El guardián se había distanciado bastante; volviéndose, gritó:
—¡Basta de juegos! ¡Hazlo trabajar, que la pereza se contagia!
El aspirante soltó la cabeza del tuerto, le cruzó la oreja de un golpe con el mango del látigo y le ordenó que siguiera juntando basura.
—¡Más rápido! —aullaba sonriendo.
Y el hombre iba y venía, tosiendo arena, esquivando los latigazos.

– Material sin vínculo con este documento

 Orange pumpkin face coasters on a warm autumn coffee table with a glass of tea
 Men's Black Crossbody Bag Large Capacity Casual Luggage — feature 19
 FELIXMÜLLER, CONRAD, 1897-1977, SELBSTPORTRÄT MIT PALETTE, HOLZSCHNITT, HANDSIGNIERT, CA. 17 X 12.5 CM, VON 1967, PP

El guardián los esperaba con un cigarrillo en los labios.
—¿Qué número es este, que está tan arruinado? —le preguntó el aspirante cuando se acercaron.
—Es el famoso 137.
—¡El 137! —exclamó el muchacho, abriendo con incredulidad sus hermosos ojos oscuros—. Justamente cuando di mi examen de aspirante tuve que hablar sobre sus características de Inadaptación.
—Yo ni sé qué habrá hecho; sé que es famoso, nada más.

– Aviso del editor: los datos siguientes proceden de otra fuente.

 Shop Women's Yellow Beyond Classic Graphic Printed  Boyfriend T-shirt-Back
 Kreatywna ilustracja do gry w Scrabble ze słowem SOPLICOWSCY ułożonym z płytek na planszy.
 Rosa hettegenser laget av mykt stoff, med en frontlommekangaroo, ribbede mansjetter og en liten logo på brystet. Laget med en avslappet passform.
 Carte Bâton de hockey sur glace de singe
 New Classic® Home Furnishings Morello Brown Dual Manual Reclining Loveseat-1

—Cuando pasé a dar examen, los Guardianes Profesores de la mesa rogaron gentilmente a las damas presentes que desalojaran el salón.
En un arrebato de furor se acercó al tuerto y empezó a darle latigazos hasta derribarlo; cuando lo vio en el suelo lo aferró por un brazo y siguió administrándole puntapiés en la axila. El basurero gemía suavemente.
—Así no vamos a terminar nunca con esta playa de la gran puta —dijo el guardián—. Cuando tengas tus buenos años de guardián se te pasarán las ganas de jugar con un basurero o de tocarlo.
—No sé cómo el gran Dios permite que existan.
—Para que sirvan de ejemplo.
—Esos pobres chicos inocentes que pasaron con el perro… no es justo que vean estas cosas, a esa tierna edad… Piense que una vez los vecinos lo espiaron en el jardín del fondo de su casa, y estaba en calzoncillos, al sol.
—Así son, así son todos —dijo el guardián escupiendo.
—¡Un profesor del Liceo Mixto! Otra vez lo oyeron hablar por un teléfono oficial muerto de risa. Y un día de fiesta religiosa escupió sobre un gato sagrado, haciéndose el distraído.
—El que más, el que menos, una vez que empiezan a desbarrancarse… —musitó el guardián, un poco aburrido.
El entusiasmo justiciero de estos adolescentes sin experiencia le resultaba fatigoso y monótono; creían posible readaptar a un inadaptado. El por su parte prefería pensar en la recién casada que acababa de mudarse al lado de su casa y que todas las mañanas se subía a un banquito para conversar con su mujer por la ventana de la cocina.
El basurero mientras tanto se había internado en el agua con el pretexto de vaciar la bolsa, y aprovechaba esta circunstancia para mojarse el pecho, porque los clavos de la bota le habían desgarrado la carne, y quizá el agua salada pudiera contenerle de algún modo la sangre. Al verlo así agachado, el aspirante dio un buen tirón a la cadena, y el tuerto cayó doblado en dos dentro del agua; una ola lo revolcó y lo cubrió de espuma feliz. Cuando se levantó, tambaleante, con una mano sobre los tajos de la tetilla, el guardián repitió:
—Dámelo. Así no vamos a terminar nunca.
—¡Cuándo me entregarán uno para mí solo! —suspiró el jovencito—. Tal vez me nombren suplente después del examen de mayo.
—En mayo no hay más playa; en el mejor de los casos te darán un basurero de caminos —observó juiciosamente Vulcano.
Después de devolverle el látigo y la cadena, el aspirante se alejó silbando por donde había venido. Se miraba las manos y se las frotaba contra la chaqueta, vagamente avergonzado de haber tocado a un basurero.
El guardián y su paciente siguieron avanzando por la arena; oscurecía. Del lado de tierra soplaba un viento frío, despeinando la cresta de las olas y arrancándoles velos de espuma; el mar, oscuro y bajo, se agitaba progresivamente. Ya no quedaba nadie en la playa, salvo un vendedor ambulante de café que regresaba de prisa hacia la escollera, en bicicleta, por el borde mismo de las olas. Las gaviotas blancas de alas negras se demoraban en el aire, como esperando un milagro, allí donde el basurero había vaciado su bolsa en el mar. Del cielo terso y transparente emergían las luces de los planetas.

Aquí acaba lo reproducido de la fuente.